By Raga Bjarnadottir, PhD, MPH
As our longtime readers know, the FloGatorAI blog releases two seasonal AI Prompt Cookbooks each year. These are intended to be practical guides to help nurses experiment with generative AI (see definition and background in the December 2024 post).
But as AI becomes deeply embedded in care delivery, our goals must expand beyond clever prompts or productivity hacks. The real opportunity before us is not just using AI more effectively, but to evaluate and shape the technologies entering our practice environments.

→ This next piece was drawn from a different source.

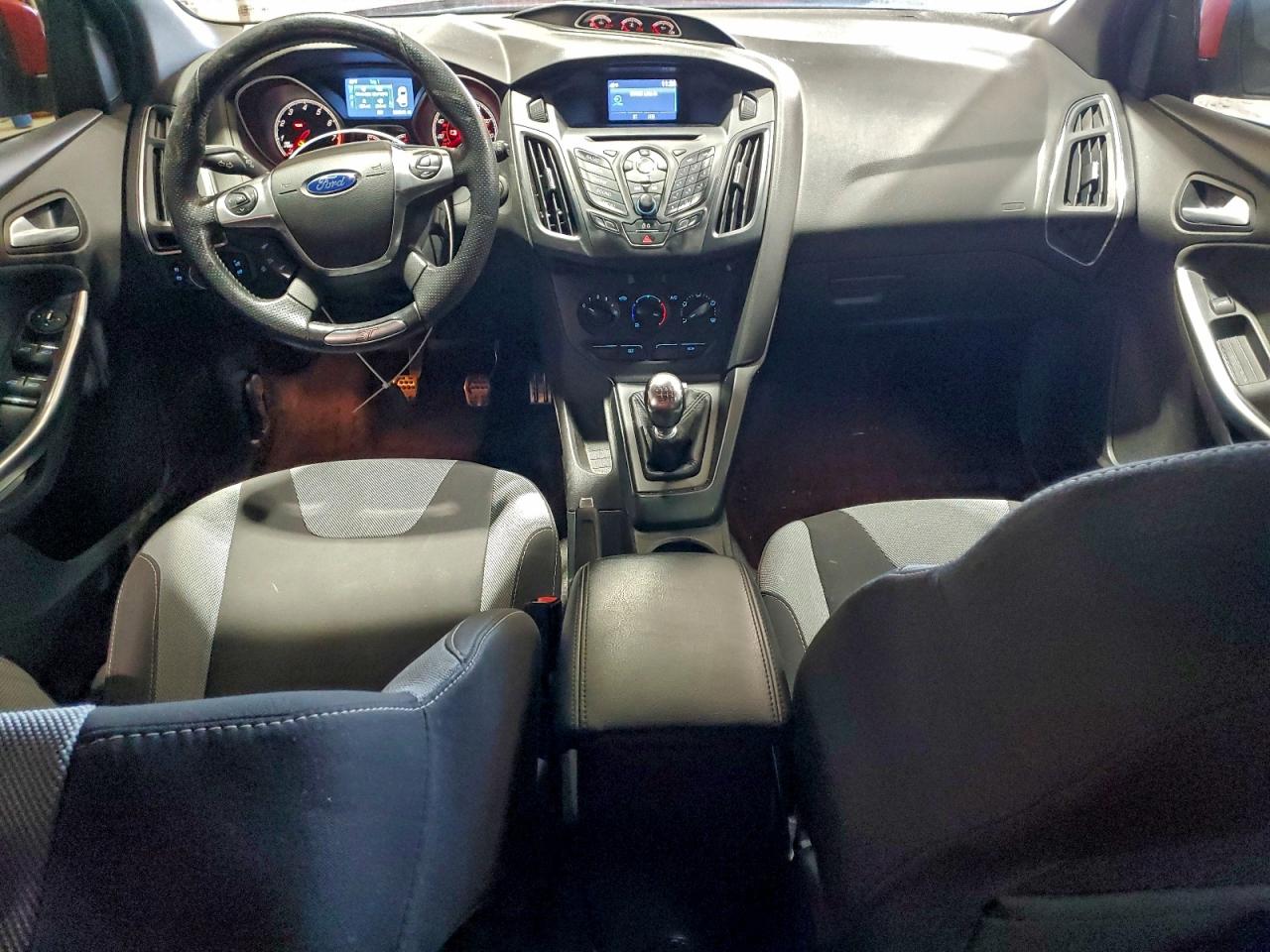 2014 FORD FOCUS ST photo 8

If our recent discussions at the American Medical Informatics Association Annual Symposium made one thing clear, it is that the era of abstract AI debates is over. The tools are not abstract; they are here and now. The urgent question now is whether nurses will be passive recipients of these tools or active co-designers and stewards.
This winter edition of the FloGatorAI Prompt Cookbook is designed to help you choose the latter.

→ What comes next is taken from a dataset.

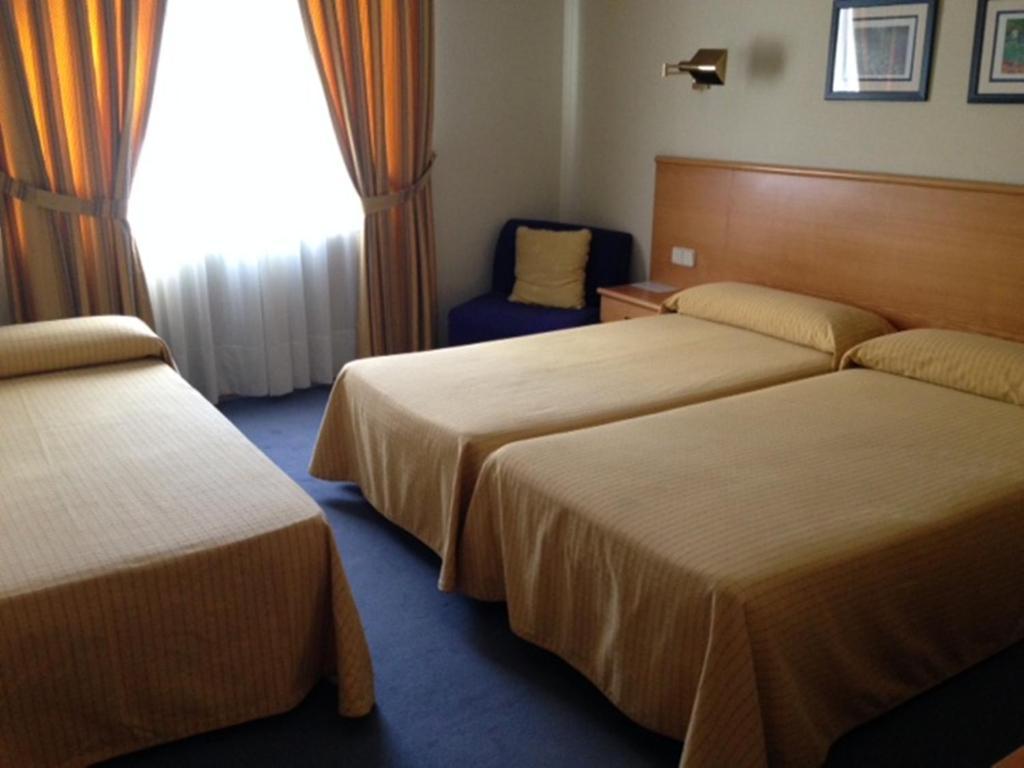 Hotel Ramos Silleda Phòng bức ảnh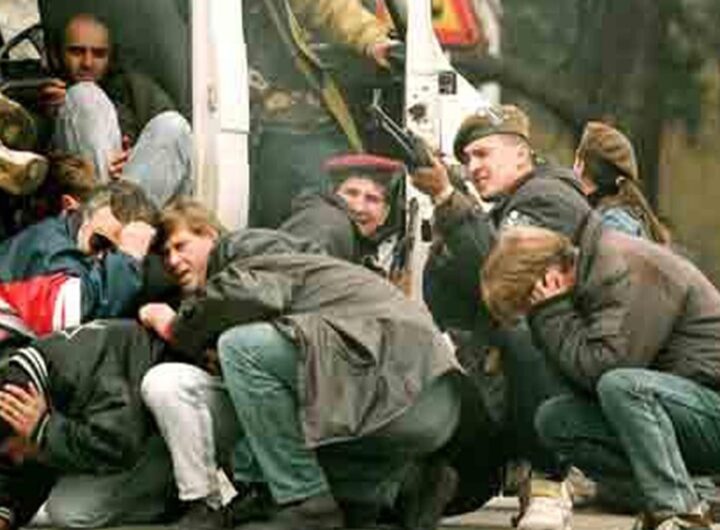 La gente al riparo da un cecchino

Turning insight into inquiry
Over the last few months, we have explored the high stakes of AI integration. We warned against the environmental costs of an “AI everywhere” mindset, the seductive dangers of simulated intimacy and the regulatory shifts demanding greater transparency.

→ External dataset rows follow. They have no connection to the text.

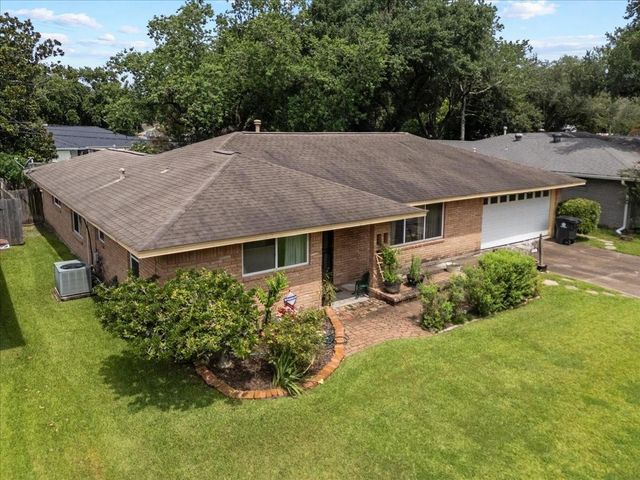 11518 Mullins Drive, Houston, TX 77035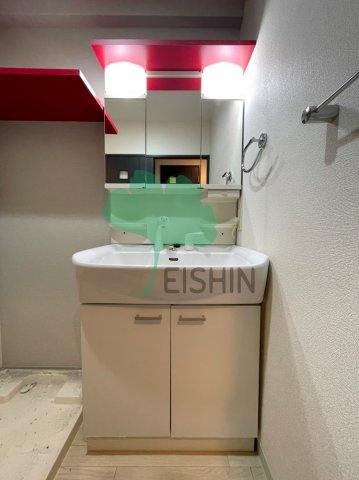 洗面設備　シンプルで使いやすい洗面台です！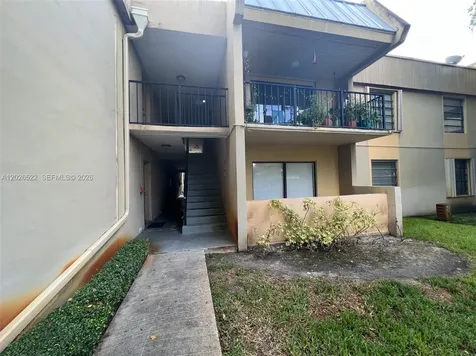 10415 N Kendall Drive Miami FL 33176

This Cookbook is designed to operationalize those insights. It moves us from discussing the risks to testing for them in real time:
• Operationalizing the “junior teammate” model:
In August, we drew a hard line between treating AI as a supportive tool versus a substitute for human connection. This Cookbook includes prompts to stress-test that boundary, helping you identify when a tool is truly augmenting work and when it may be simulating care in misleading ways.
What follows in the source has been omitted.